The dilemma that all sketch shows encounter is whether to simply present a succession of unrelated skits, or to try and find an overarching theme that ties the seeming randomness together. Goodbear place themselves halfway between these two options, which makes for a confusing experience. A fast-forwarding clock implies that their show condenses a day into an hour, but there are many sketches whose chronology is unimportant. And a closing scene about mayflies refers back to previous scenes, but in a manner that strives for profundity rather than attaining it. Perhaps they would have been better off simply offering up their cavalcade of comic moments.
For the duo draw well on their individual talents. Henry Perryment does a good line in genuine emotion, while Joe Barnes performs youthful smarm. Their interplay is well-honed, and the whole is highly physical and deftly choregraphed. But it's also overproduced, with incidental music and lighting changes overegging transitions that the performers themselves are well able to communicate.

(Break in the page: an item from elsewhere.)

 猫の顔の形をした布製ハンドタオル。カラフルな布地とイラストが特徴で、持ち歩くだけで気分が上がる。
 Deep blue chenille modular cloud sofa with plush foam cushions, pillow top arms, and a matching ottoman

Perhaps a slower, more stripped-back approach would allow the characters and performers to breathe more, utlising more fully the duo's evident dramatic skills. As it is, characters appear for a single gag and then are gone. The only recurring skit concerns two Swedish cyclists, who also seem like the least grounded characters on display. But there's a lot that's funny here, demonstrating invention and craft, once you get past the framework that gets in the way.